Comparisons between dancers and non-dancers (Mann-Whitney U-test) revealed that dancers generally defined less segment boundaries than non-dancers for all trials together (z = −2.853, p = 0.005), for each individual trial (trials 1–5: p < 0.01; trials 6–13: p < 0.05; trials 14–20: p < 0.01), and for all groups of trials (early trials: z = −3.269, p = 0.001; middle trials: z = −2.474, p = 0.013; late trials: z = −2.440, p = 0.015; music trials: z = −2.969, p < 0.003). Comparisons between groups of trials (Wilcoxon signed-rank test) in the non-dancers revealed differences between middle trials and music trials (z = −2.296, p = 0.022) and between late trials and music trials (z = −2.173, p = 0.030), with more segment boundaries occurring in the music trials than in the other groups. In the dancers, less segment boundaries were defined in the early trials than in the middle trials (z = −2.018, p = 0.044). In contrast to the non-dancers' results, less segment boundaries were defined in the music trials than in the late trials (z = −2.092, p = 0.036). Results for the four groups of trials are displayed in Figure 1, results for all individual trials are shown in Figure 3. The distribution of segment boundaries (calculated as average over all trials for 92 bins of 1 s) as defined by the experimental groups is illustrated in Figure 4.

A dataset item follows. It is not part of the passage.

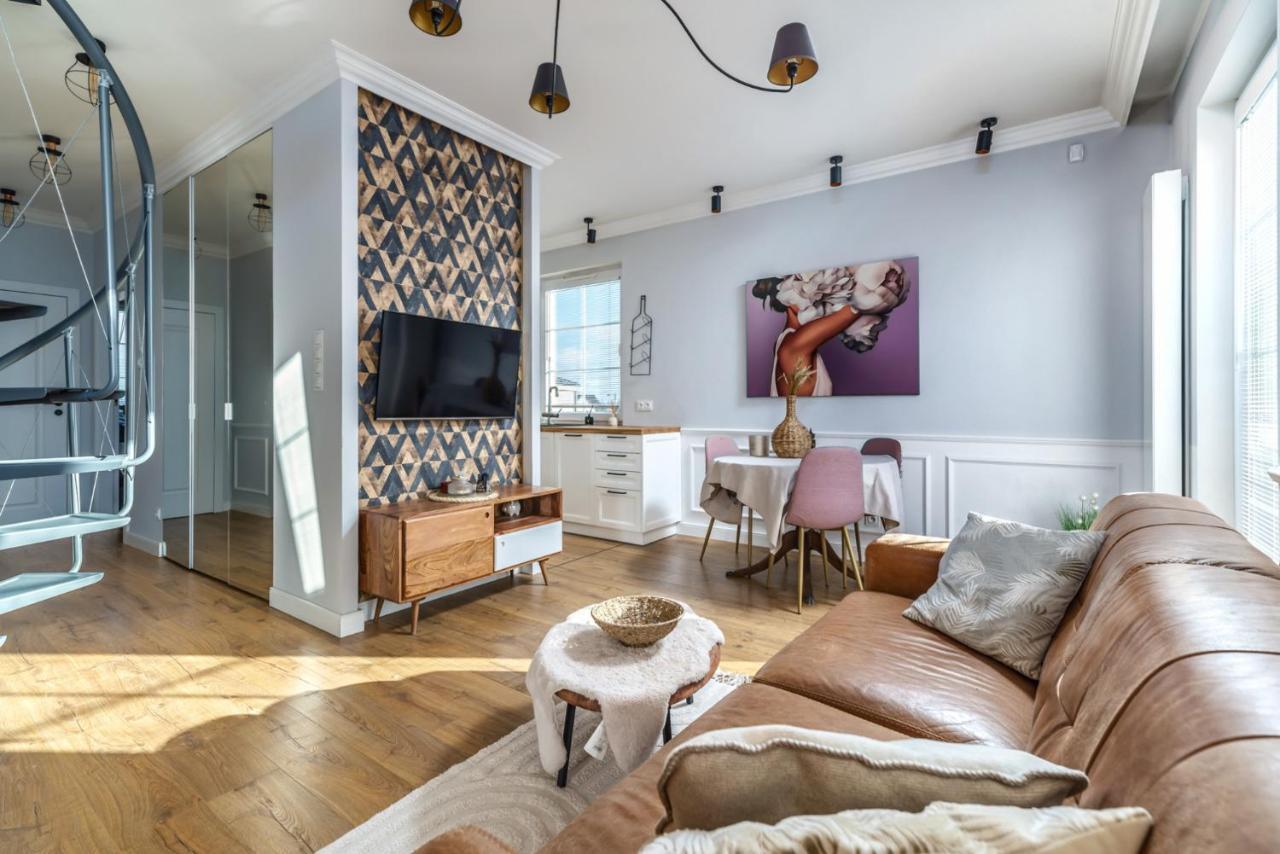 Apartament Almeryjska Ogrody Tesoro Pogorze Bagian luar foto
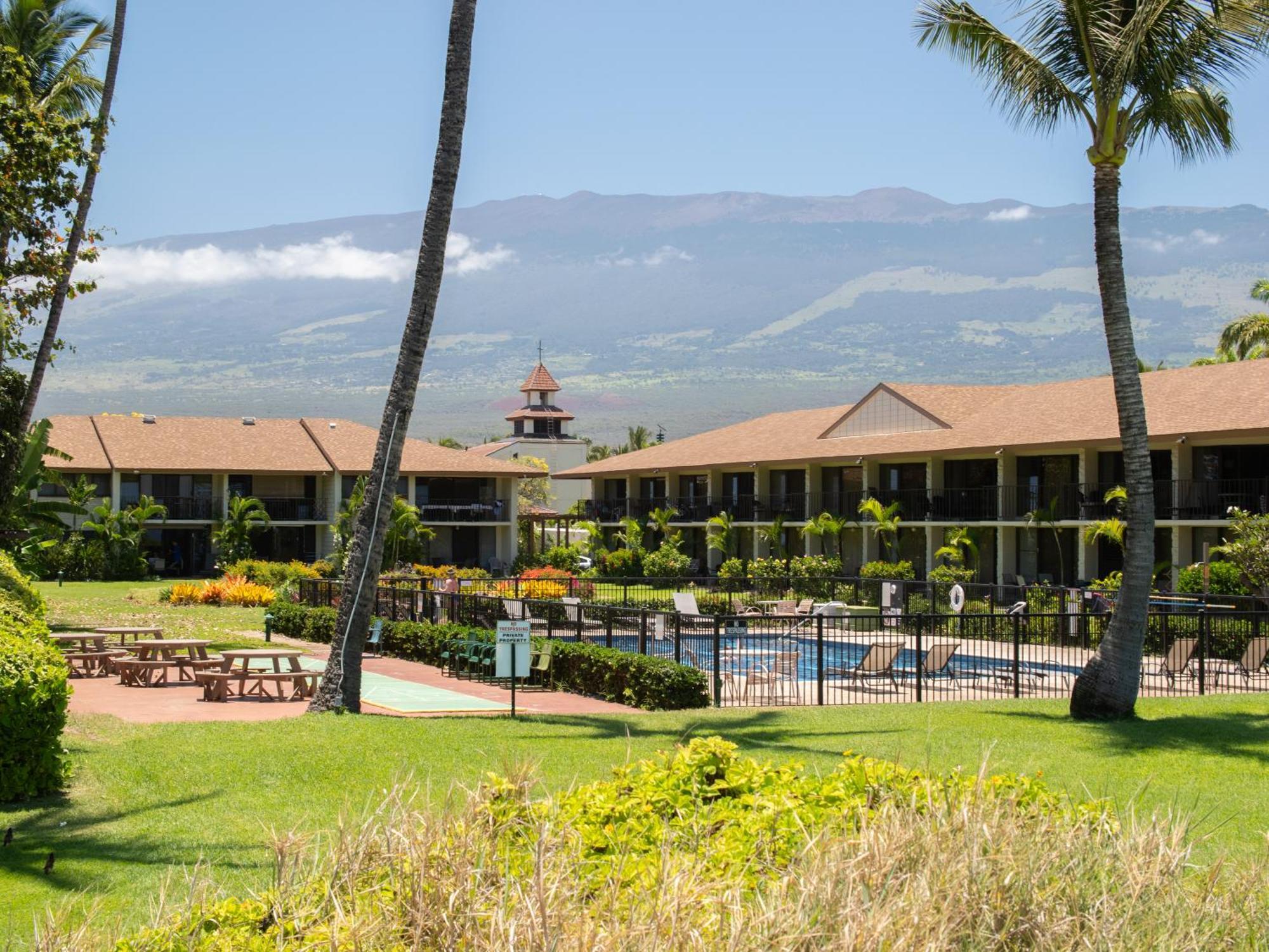 Aloha Wai Apartment Kihei Exterior photo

Figure 1. Results of Experiment 1. Mean numbers of segment boundaries defined for the four groups of trials [1: trials 1–5 (early); 2: trials 6–10 (middle); 3: trials 10–15 (late); 4: trials 16–20 (music)]; blue columns: dancers, red columns: non-dancers; asterisks mark significant differences: *p < 0.05, **p < 0.01, ***p < 0.001.

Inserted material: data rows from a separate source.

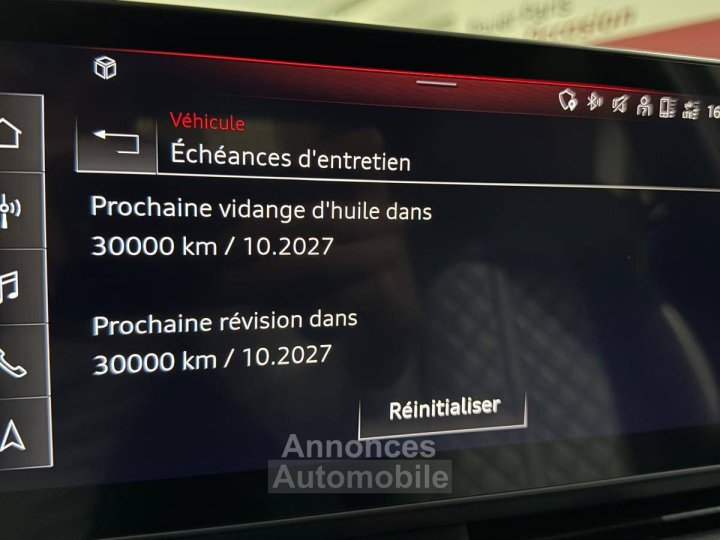 Audi S4 AVANT Avant V6 30 TDI 347 Tiptronic 8 Quattro - 31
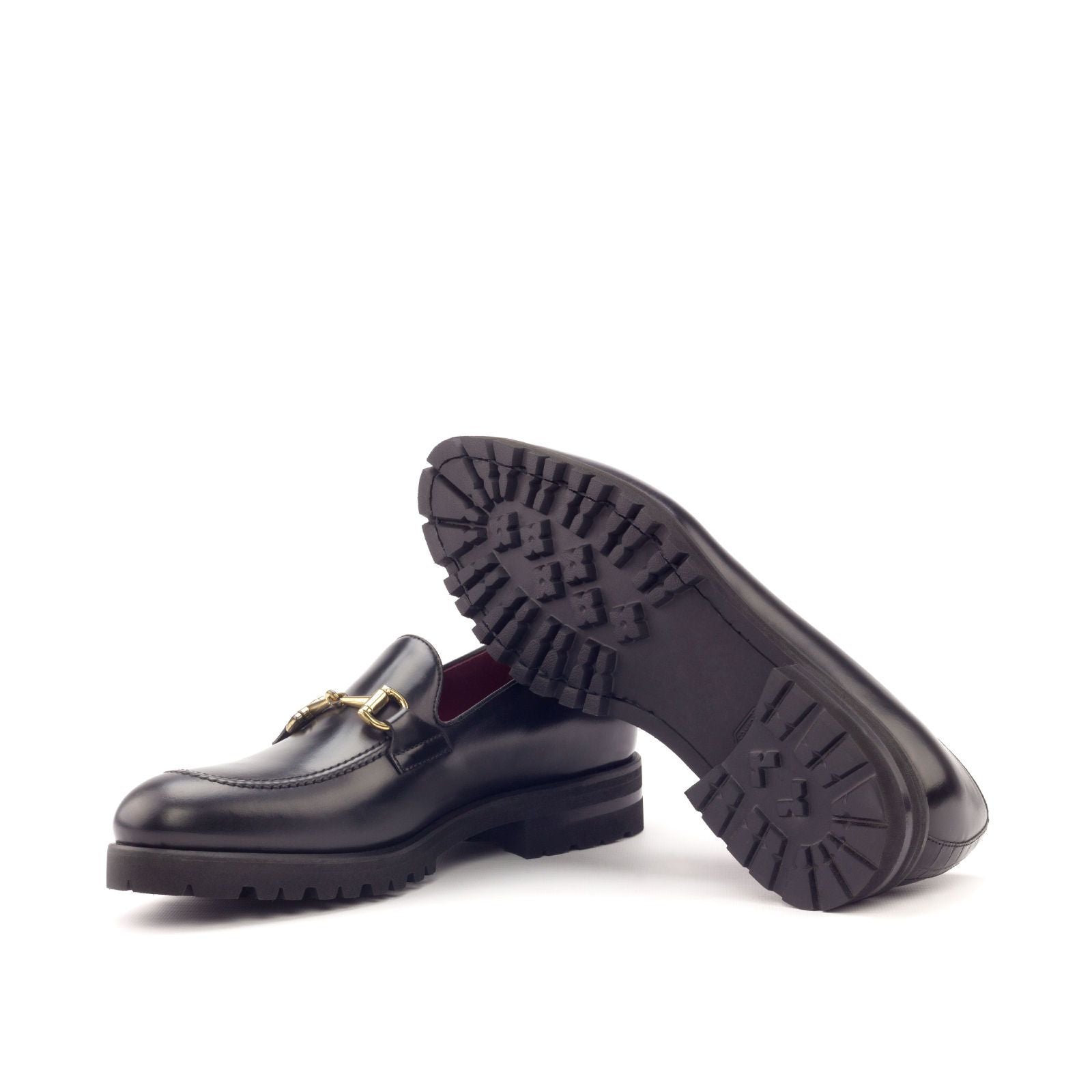 mens commando sole shoes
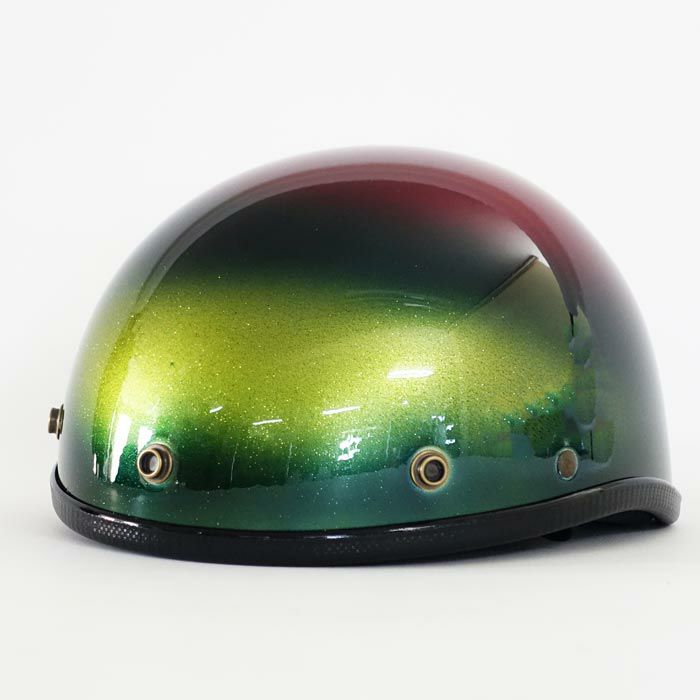 DTシリーズ ダックテール ハーフヘルメット SANTIAGO 72JAM 2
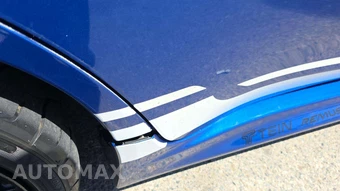 2015 Mitsubishi Lancer Evolution MR - miniatura 54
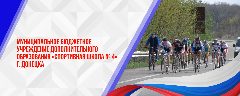 Канал МБУ ДО "СПОРТИВНАЯ ШКОЛА № 4 Г. ДОНЕЦКА" в мессенджере MAX — 24 подписчика
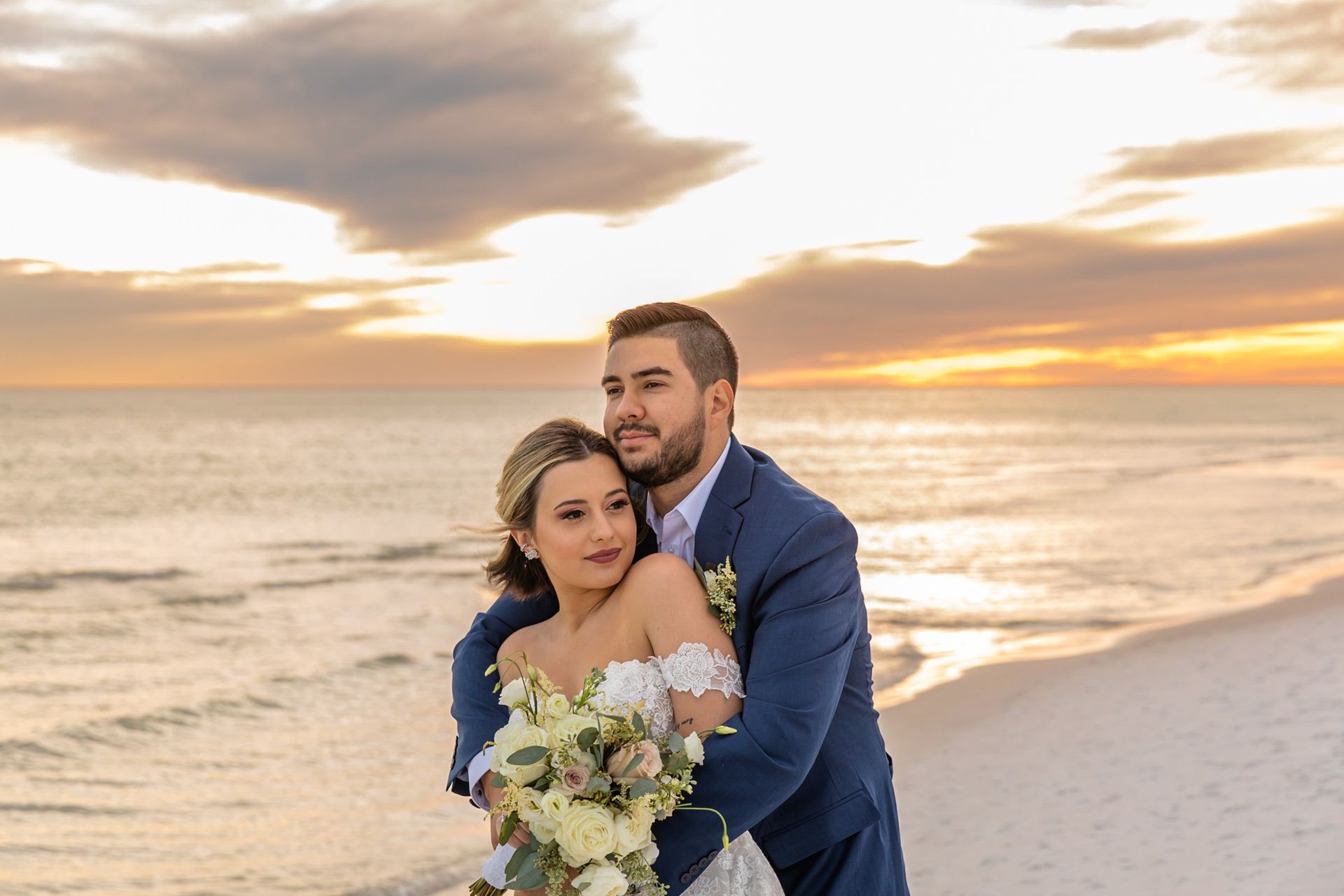 Isabella and Guilherme's Dreamy Destination Wedding - 2 - 2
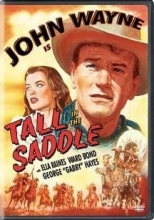 Cover art for Tall in the Saddle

After finishing the experimental procedure, each participant was asked two questions:
1. Which criteria or strategies did you use for segmenting the dance phrase?
2. Did the music in the last five trials affect your decisions?
The experimenter asked the participant verbally and wrote down the answers in key points (note that this informal procedure did not follow any established qualitative approach but only aimed at gaining additional information in an explorative way).
From the informal answers to Question 1, the most common criteria were extracted, and naming frequencies of these criteria were counted. The most common criteria and their frequencies of naming are displayed in Table 1. Remarks made by individual participants in response to Questions 1 and 2 are listed in Supplementary Table 1.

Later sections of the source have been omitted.